Mo’s Empty Thoughts
24 Sep at 8:59 pm
Wine improves with age. I improve with wine.
24 Sep at 6:02 am
The older I get, the earlier it gets late.
15 Sep at 10:00 pm
The older you get, the more you need to keep a fire extinguisher close to the cake.
15 Sep at 4:00 am
Me in my 20’s: “Dresses like I’m on the catwalk.” Me in my 30’s: “dresses like I walk cats.”
12 Sep at 6:59 pm
I am so old I can tell the same joke on facebook every day. Some of my friends are so old, they will think it is a new joke every day.
11 Sep at 7:58 pm
It’s been proven that girls reach the age of puberty earlier than boys.
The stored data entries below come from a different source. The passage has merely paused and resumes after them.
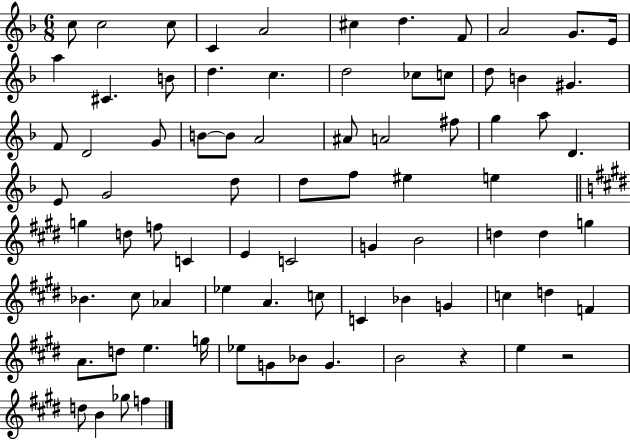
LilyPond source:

{
  \clef treble
  \numericTimeSignature
  \time 6/8
  \key f \major
  c''8 c''2 c''8 | c'4 a'2 | cis''4 d''4. f'8 | a'2 g'8. e'16 | \break a''4 cis'4. b'8 | d''4. c''4. | d''2 ces''8 c''8 | d''8 b'4 gis'4. | \break f'8 d'2 g'8 | b'8~~ b'8 a'2 | ais'8 a'2 fis''8 | g''4 a''8 d'4. | \break e'8 g'2 d''8 | d''8 f''8 eis''4 e''4 | \bar "||" \break \key e \major g''4 d''8 f''8 c'4 | e'4 c'2 | g'4 b'2 | d''4 d''4 g''4 | \break bes'4. cis''8 aes'4 | ees''4 a'4. c''8 | c'4 bes'4 g'4 | c''4 d''4 f'4 | \break a'8. d''8 e''4. g''16 | ees''8 g'8 bes'8 g'4. | b'2 r4 | e''4 r2 | \break d''8 b'4 ges''8 f''4 | \bar "|."
}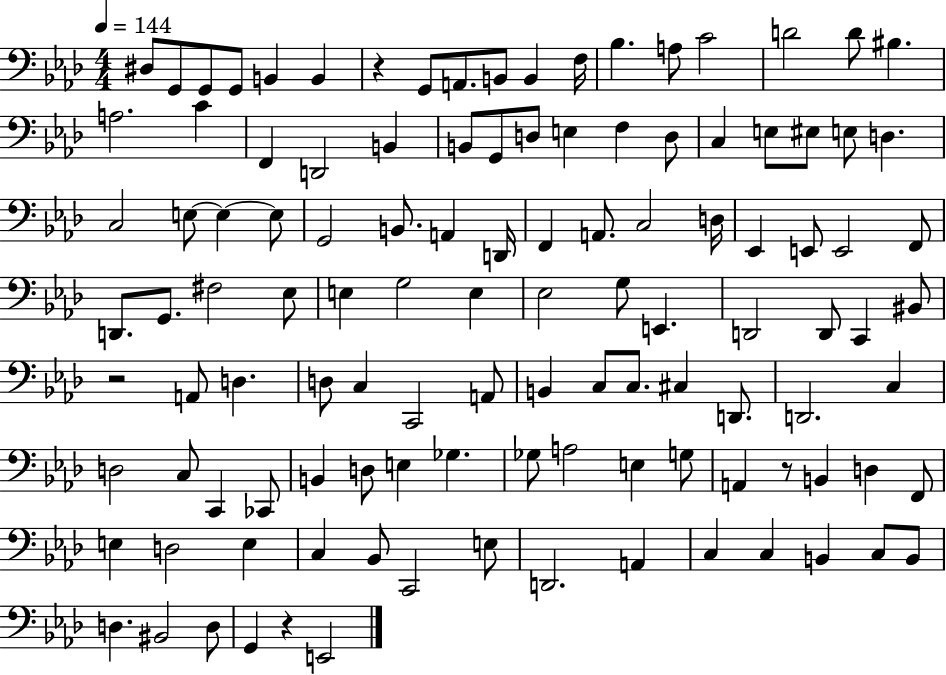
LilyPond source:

{
  \clef bass
  \numericTimeSignature
  \time 4/4
  \key aes \major
  \tempo 4 = 144
  dis8 g,8 g,8 g,8 b,4 b,4 | r4 g,8 a,8. b,8 b,4 f16 | bes4. a8 c'2 | d'2 d'8 bis4. | \break a2. c'4 | f,4 d,2 b,4 | b,8 g,8 d8 e4 f4 d8 | c4 e8 eis8 e8 d4. | \break c2 e8~~ e4~~ e8 | g,2 b,8. a,4 d,16 | f,4 a,8. c2 d16 | ees,4 e,8 e,2 f,8 | \break d,8. g,8. fis2 ees8 | e4 g2 e4 | ees2 g8 e,4. | d,2 d,8 c,4 bis,8 | \break r2 a,8 d4. | d8 c4 c,2 a,8 | b,4 c8 c8. cis4 d,8. | d,2. c4 | \break d2 c8 c,4 ces,8 | b,4 d8 e4 ges4. | ges8 a2 e4 g8 | a,4 r8 b,4 d4 f,8 | \break e4 d2 e4 | c4 bes,8 c,2 e8 | d,2. a,4 | c4 c4 b,4 c8 b,8 | \break d4. bis,2 d8 | g,4 r4 e,2 | \bar "|."
}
Girls develop tits around the age of 13, boys around the age of 40.
5 Sep at 5:03 am
I’ve reached the age where looking in the mirror is like checking the news. I know there’ll be some new developments I won’t like.
4 Sep at 10:00 pm
Aging gracefully is like the nice way of saying you’re slowly looking worse.
4 Sep at 1:05 pm
You know you’re getting old when clerks start calling you honey.
3 Sep at 8:03 pm
Your mother so old she breast milk turn into powder milk.